- Opening Delimiter -

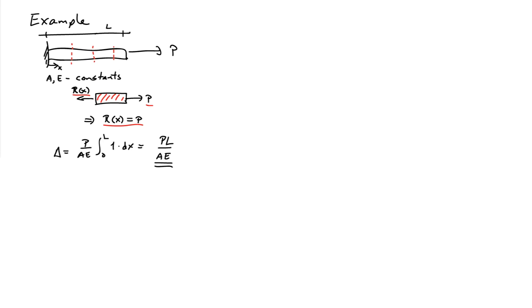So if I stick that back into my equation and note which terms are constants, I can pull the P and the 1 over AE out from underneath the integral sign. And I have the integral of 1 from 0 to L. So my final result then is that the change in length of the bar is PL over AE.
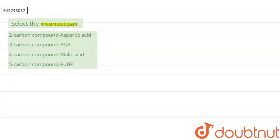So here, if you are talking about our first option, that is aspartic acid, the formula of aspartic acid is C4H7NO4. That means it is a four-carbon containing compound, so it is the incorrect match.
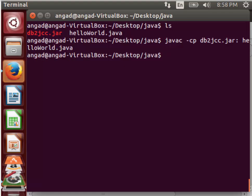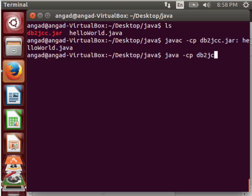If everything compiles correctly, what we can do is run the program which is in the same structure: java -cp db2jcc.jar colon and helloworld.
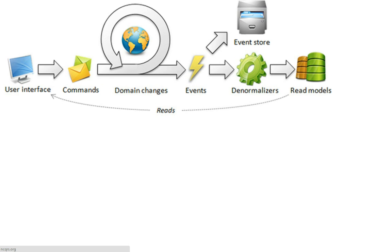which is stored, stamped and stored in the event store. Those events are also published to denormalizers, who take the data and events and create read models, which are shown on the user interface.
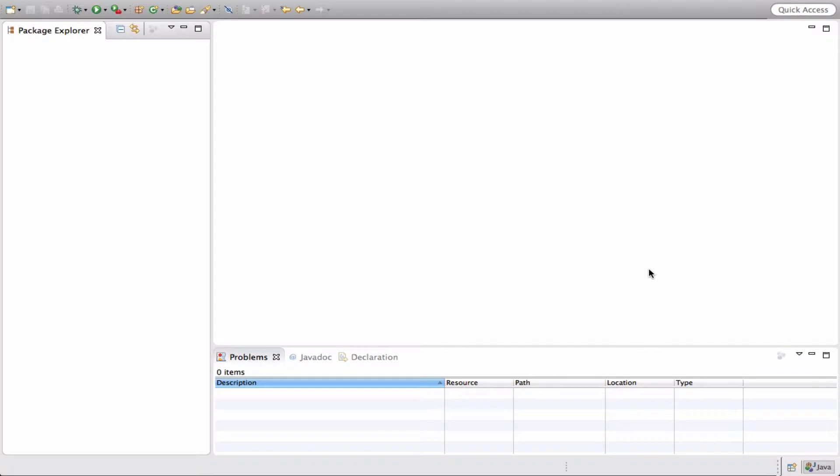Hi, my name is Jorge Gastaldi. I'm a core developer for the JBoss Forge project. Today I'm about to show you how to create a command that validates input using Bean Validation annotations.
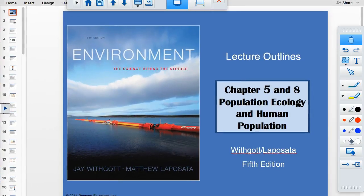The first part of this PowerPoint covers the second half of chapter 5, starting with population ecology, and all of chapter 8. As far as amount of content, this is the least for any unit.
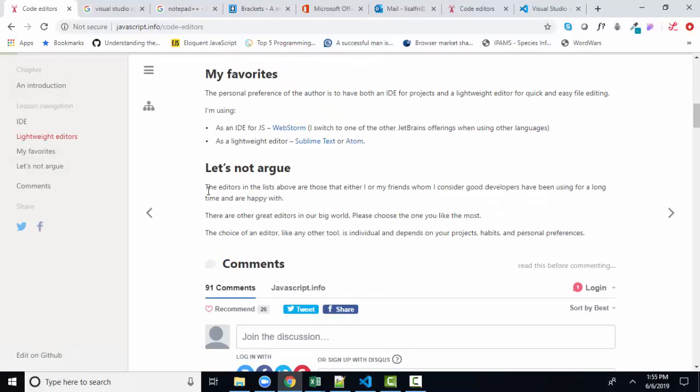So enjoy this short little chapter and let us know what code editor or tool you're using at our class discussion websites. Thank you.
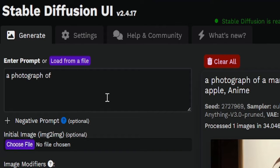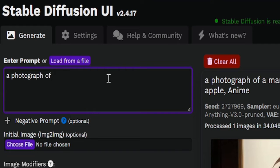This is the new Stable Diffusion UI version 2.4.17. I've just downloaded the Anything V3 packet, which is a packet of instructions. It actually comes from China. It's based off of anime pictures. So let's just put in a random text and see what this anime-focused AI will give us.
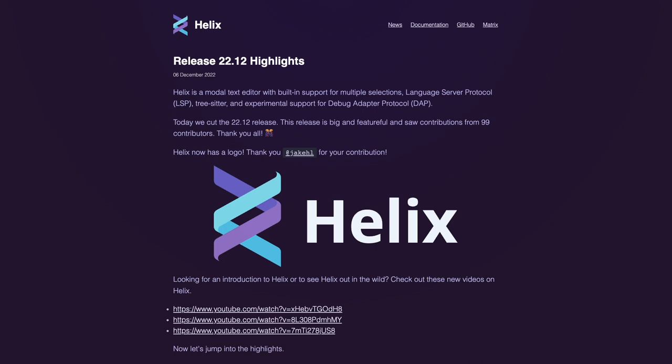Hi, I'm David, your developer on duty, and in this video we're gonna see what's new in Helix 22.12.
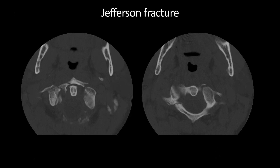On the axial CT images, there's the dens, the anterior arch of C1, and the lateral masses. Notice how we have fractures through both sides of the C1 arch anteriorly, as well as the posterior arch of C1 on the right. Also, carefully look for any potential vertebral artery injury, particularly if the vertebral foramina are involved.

- Closing Delimiter -
- Opening Delimiter -

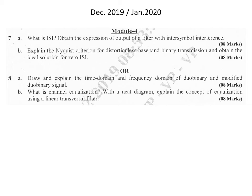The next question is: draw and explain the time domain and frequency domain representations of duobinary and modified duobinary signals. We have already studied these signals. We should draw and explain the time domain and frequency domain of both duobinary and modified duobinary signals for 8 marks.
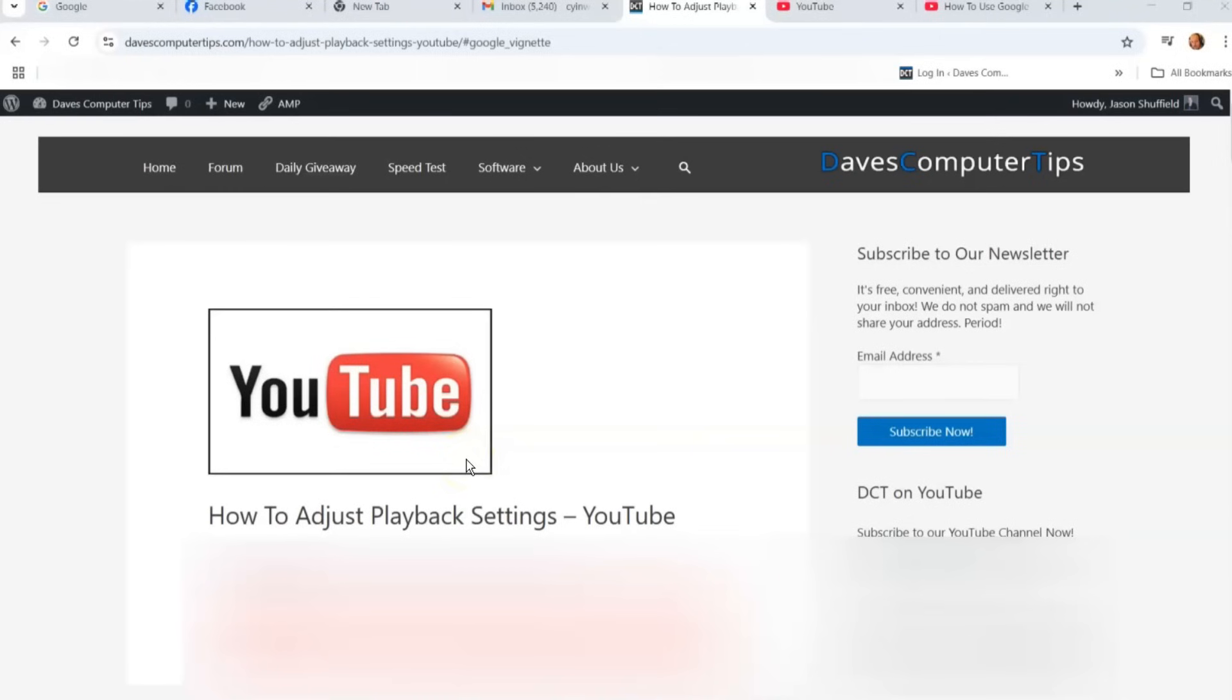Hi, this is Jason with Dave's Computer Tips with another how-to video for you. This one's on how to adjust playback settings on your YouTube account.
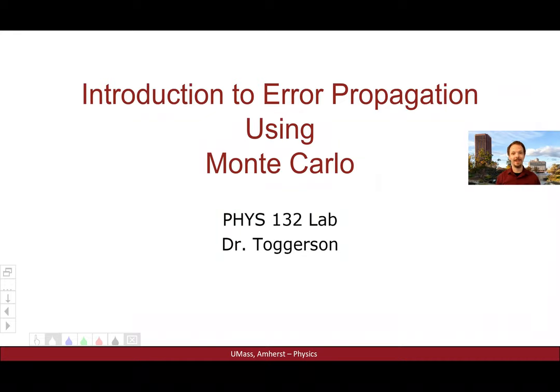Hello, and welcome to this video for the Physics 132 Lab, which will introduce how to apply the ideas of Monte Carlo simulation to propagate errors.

- Closing Delimiter -
- Opening Delimiter -

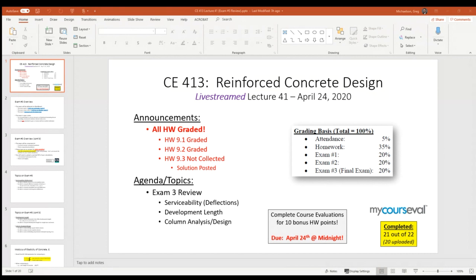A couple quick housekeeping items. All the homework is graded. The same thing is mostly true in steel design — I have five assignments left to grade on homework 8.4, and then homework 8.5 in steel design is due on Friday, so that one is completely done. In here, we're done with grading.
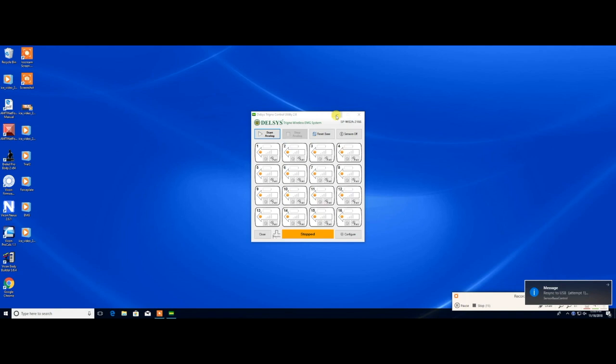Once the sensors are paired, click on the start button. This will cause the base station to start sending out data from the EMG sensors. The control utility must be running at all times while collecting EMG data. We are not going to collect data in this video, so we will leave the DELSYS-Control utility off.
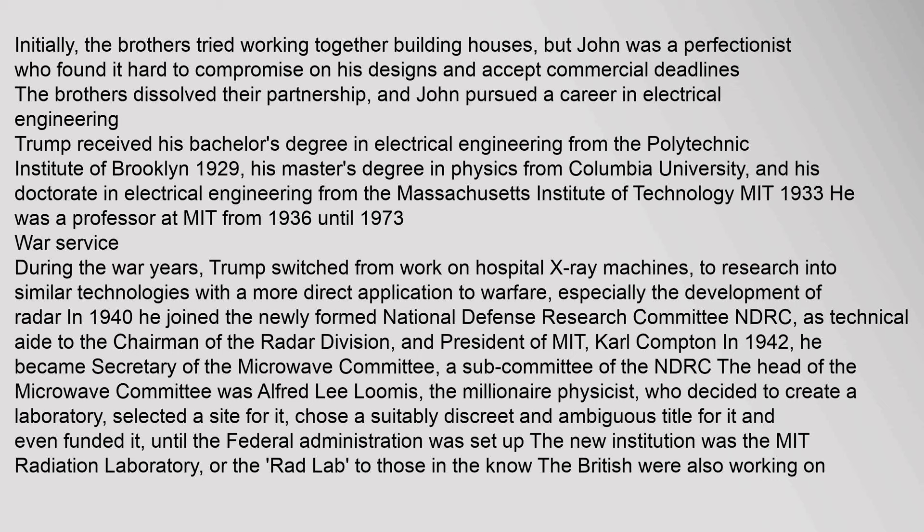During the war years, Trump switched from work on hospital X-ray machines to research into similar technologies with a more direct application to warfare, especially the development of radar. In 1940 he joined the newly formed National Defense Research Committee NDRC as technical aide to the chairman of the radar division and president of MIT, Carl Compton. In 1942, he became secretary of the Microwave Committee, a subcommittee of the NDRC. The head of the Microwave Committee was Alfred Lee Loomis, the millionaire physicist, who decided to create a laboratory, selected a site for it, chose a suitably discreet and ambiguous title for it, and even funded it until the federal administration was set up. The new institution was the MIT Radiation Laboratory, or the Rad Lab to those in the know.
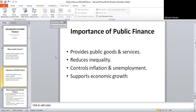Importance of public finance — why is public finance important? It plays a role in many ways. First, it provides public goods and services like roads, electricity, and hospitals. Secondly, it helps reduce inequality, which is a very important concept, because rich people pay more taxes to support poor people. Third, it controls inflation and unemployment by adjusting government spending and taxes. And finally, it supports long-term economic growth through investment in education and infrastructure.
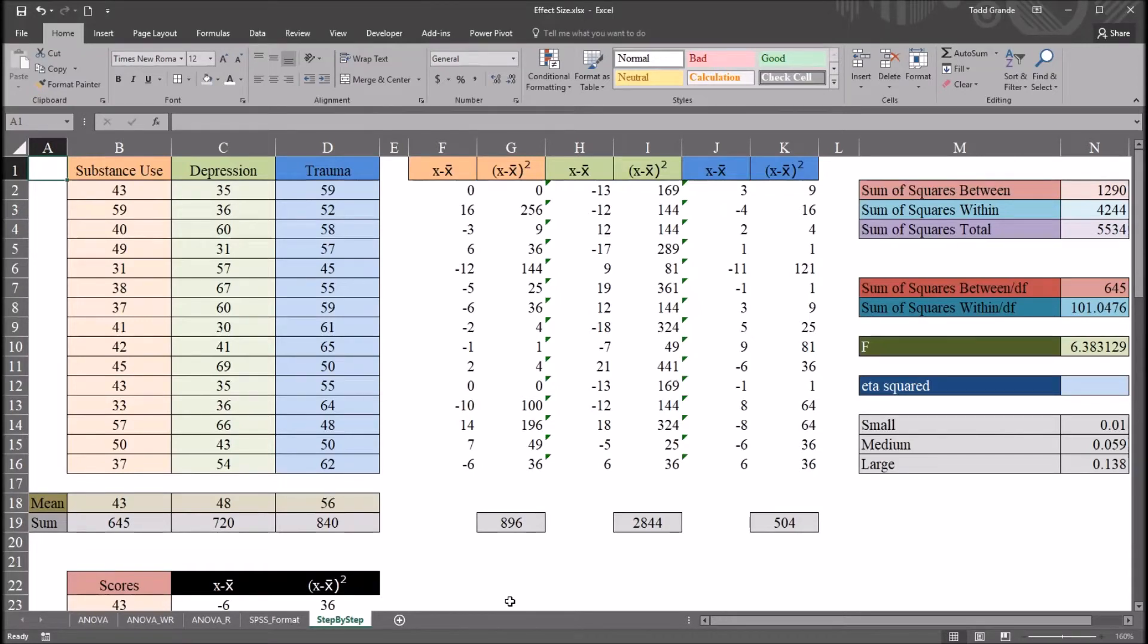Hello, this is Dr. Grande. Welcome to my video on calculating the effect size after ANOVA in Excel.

- Closing Delimiter -

Action item
With the pictures removed, print only the lines starting at the line that has "So if I stick" and ending at the line that has "Hi, I'm David, your", both ends included, exactly as they stand above.

Answer section
So if I stick that back into my equation and note which terms are constants, I can pull the P and the 1 over AE out from underneath the integral sign. And I have the integral of 1 from 0 to L. So my final result then is that the change in length of the bar is PL over AE.
So here, if you are talking about our first option, that is aspartic acid, the formula of aspartic acid is C4H7NO4. That means it is a four-carbon containing compound, so it is the incorrect match.
If everything compiles correctly, what we can do is run the program which is in the same structure: java -cp db2jcc.jar colon and helloworld.
which is stored, stamped and stored in the event store. Those events are also published to denormalizers, who take the data and events and create read models, which are shown on the user interface.
Hi, my name is Jorge Gastaldi. I'm a core developer for the JBoss Forge project. Today I'm about to show you how to create a command that validates input using Bean Validation annotations.
The first part of this PowerPoint covers the second half of chapter 5, starting with population ecology, and all of chapter 8. As far as amount of content, this is the least for any unit.
So enjoy this short little chapter and let us know what code editor or tool you're using at our class discussion websites. Thank you.
This is the new Stable Diffusion UI version 2.4.17. I've just downloaded the Anything V3 packet, which is a packet of instructions. It actually comes from China. It's based off of anime pictures. So let's just put in a random text and see what this anime-focused AI will give us.
Hi, I'm David, your developer on duty, and in this video we're gonna see what's new in Helix 22.12.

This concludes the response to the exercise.